Its mission was only supposed to last two and a half years, but more than 16 years after launch, NASA's Spitzer telescope has shown us cosmic objects almost to the edge of the universe.
Launched in 2003, Spitzer will be shut down Jan. 30 and join the great spacecraft graveyard in the sky. It was named in honor of the late astrophysicist Lyman Spitzer Jr., who first proposed putting telescopes in space in 1946.
For the last 16 and a half years, Spitzer has been in an orbit trailing Earth around the sun, but getting farther from our planet every day. It's not more than 160 million miles from Earth.
Looking back at Spitzer's time beaming back images of objects beyond our view, here are some of its most incredible discoveries:
Putting a new ring on Saturn
Saturn has many rings but in 2009 Spitzer showed scientists a faint, infrared glow of a much large ring around the planet. At 40 times as thick as Saturn and more than 200 times as wide, the ring of dust and debris is the planet's largest.

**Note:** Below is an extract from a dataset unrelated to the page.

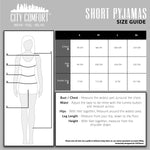 CityComfort Ladies Pyjamas, Women’s 2 Piece Nightwear, RED SPOTS Pjs Set - Get Trend
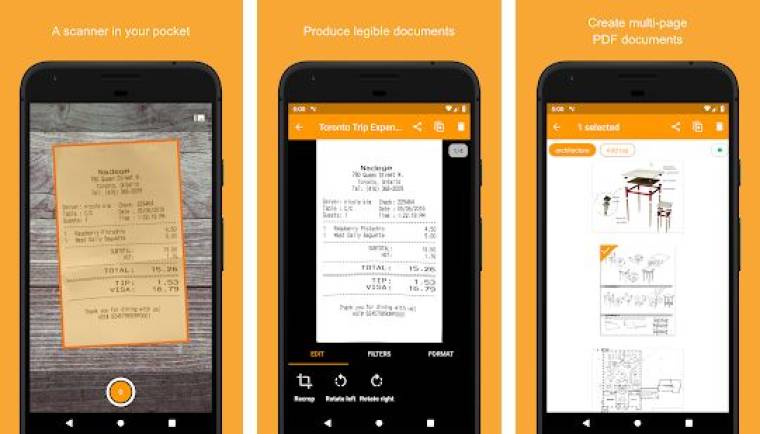 Genius Scan + PDF Scanner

According to research published in the journal Nature, space particles hitting the moon Phoebe appear to be causing the massive ring to be filled with dust and debris.

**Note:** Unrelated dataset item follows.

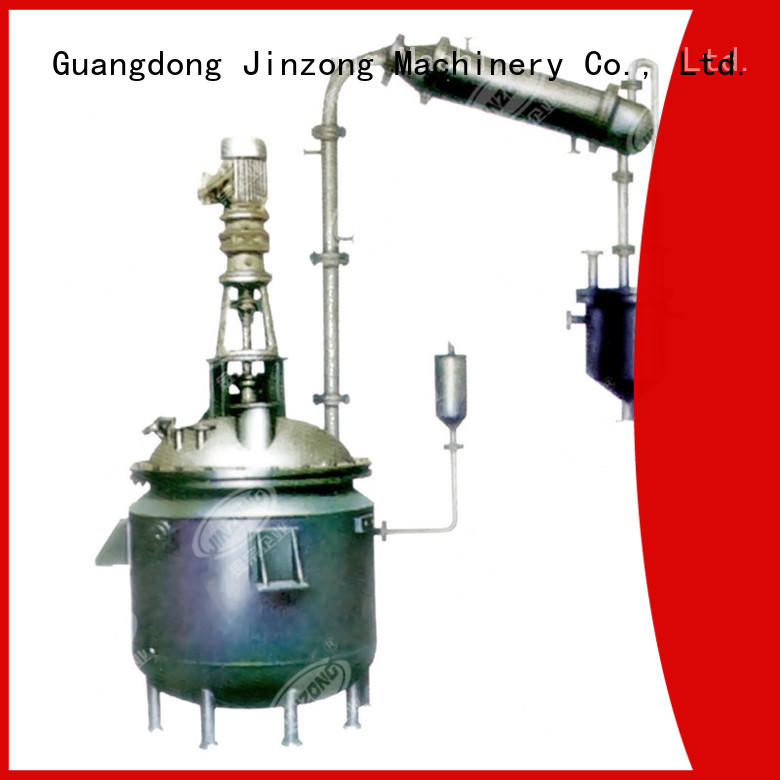 good quality reaction kettle vacuum supplier for reaction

Finding 7 Earth-sized worlds
In 2017, astronomers announced that Spitzer data and data from telescopes on Earth confirmed that seven Earth-sized planets orbit a dim red star. That star, named TRAPPIST-1 is just 40 light-years away.
And, scientists say those seven planets have conditions that make it possible for liquid water on the surface.
Catching a shooting star
As giant star Zeta Ophiuchi speeds through space, it makes glowing waves called bow shock. Scientists at NASA's Jet Propulsion Lab say this star might have once been sitting next to a companion star, but when that star died in a fiery explosion, Zeta Ophiuchi was sent flying.
Spitzer snapped a series of images in 2012 to create this composite of Zeta Ophiuchi, a star 20 times more massive and 80,000 times bright than our Sun. It's also shooting around space at about 54,000 miles per hour.
Galaxy spotting
The Sunflower galaxy was discovered in 1779 by French astronomer Pierre Méchain, but in 2011 Spitzer highlighted the galaxy's numerous infrared wavelengths. The Sunflower galaxy, also known as Messier 63, is about 27 million light-years from Earth in the constellation Canes Venatici.
Messier 104, also called the Sombrero galaxy, is one of the most famous objects in our night sky. It was discovered in 1781, also by Méchain. In the center of this galaxy is a huge black hole, believed to be a billion times more massive than the Sun.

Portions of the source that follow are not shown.